The voltage output stage of the design in Figure 1 is considerably easier to understand compared to the current output. Amplifier A3 in this circuit is in a modified summing amplifier configuration. RFB and RG1 apply gain to the DAC output applied to the non-inverting input. Meanwhile, RFB and RG2 use the reference voltage of the DAC to apply an offset to the output signal that can be scaled by the ratio of RFB and RG2.

With the right resistor values, this versatile circuit can scale most conventional low-voltage DAC outputs into the common industrial voltage ranges of 0-5V, 0-10V, +/-5V, and +/-10V. Check out our industrial voltage drivers reference design (TIPD125) to learn more. 

 Figure 2

In the 1980s, TI introduced a family of devices with the “XTR” prefix that simplified the design of high-side current outputs by integrating most of the components required to realize the voltage-to-current converter and utilizing conventional low-voltage DAC outputs to generate a variety of current outputs.

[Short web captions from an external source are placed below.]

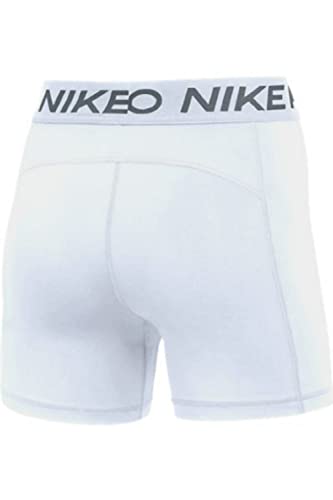 Image of Nike Women's Pro 365 5 Inches Shorts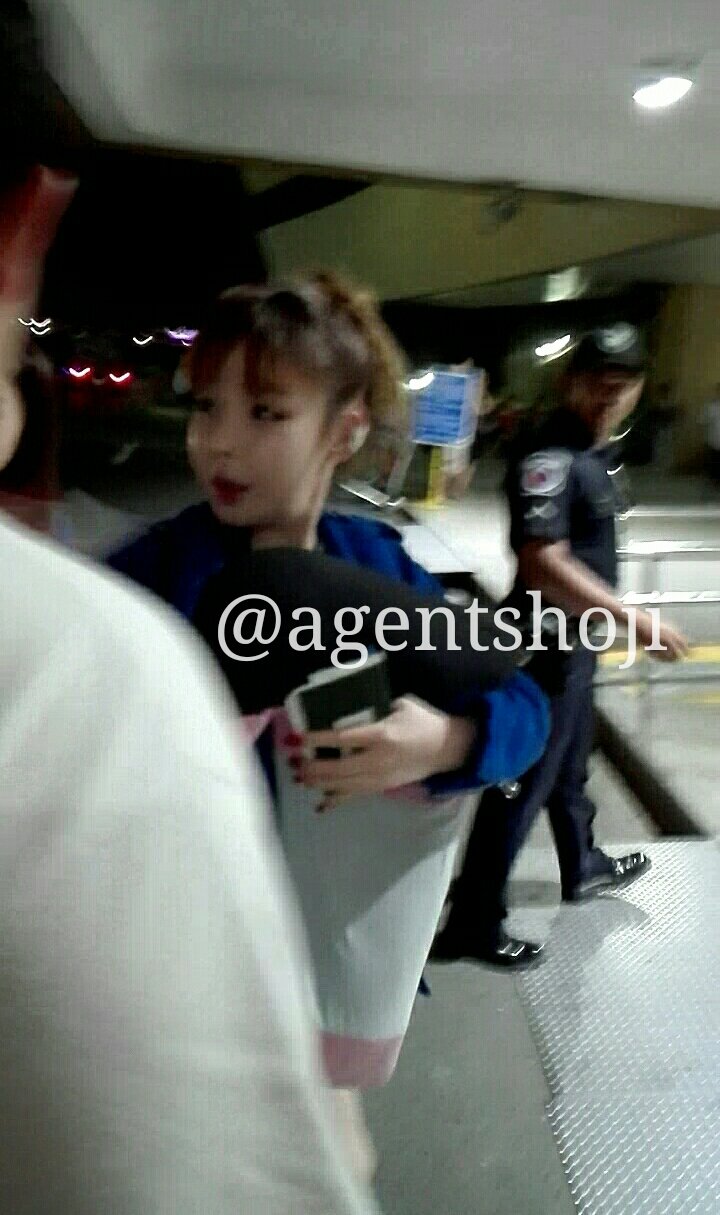 CfNjrsEUkAEzSAP.jpg:large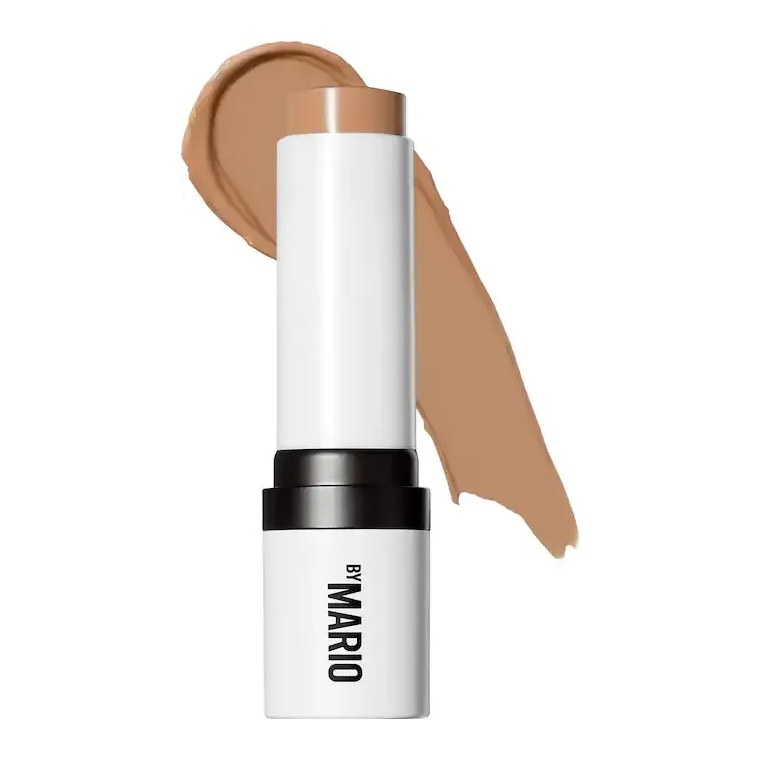 SoftSculpt Shaping Stick
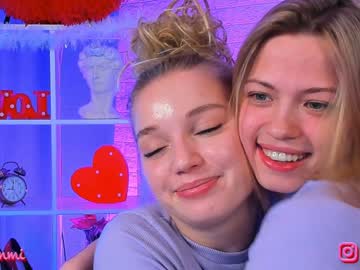 webcam couple huntertiana capture image #1138115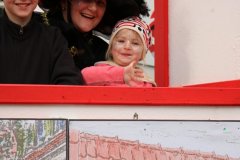 rosenmontag_33_20190312_1002837360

Figure 2 shows an example with the XTR111 precision voltage-to-current converter/transmitter.

Our new DAC8760 family also simplifies the design of these systems. The family integrates the voltage and current output stages, as well as the DAC and reference – all while delivering impressive accuracy and reliability.

Be sure to check out the series about transients and transient immunity standards in the industrial space from my colleague Ian Williams. In my next post in this series, I’ll explain how to design circuits to protect 3-wire analog outputs from the transients Ian discusses.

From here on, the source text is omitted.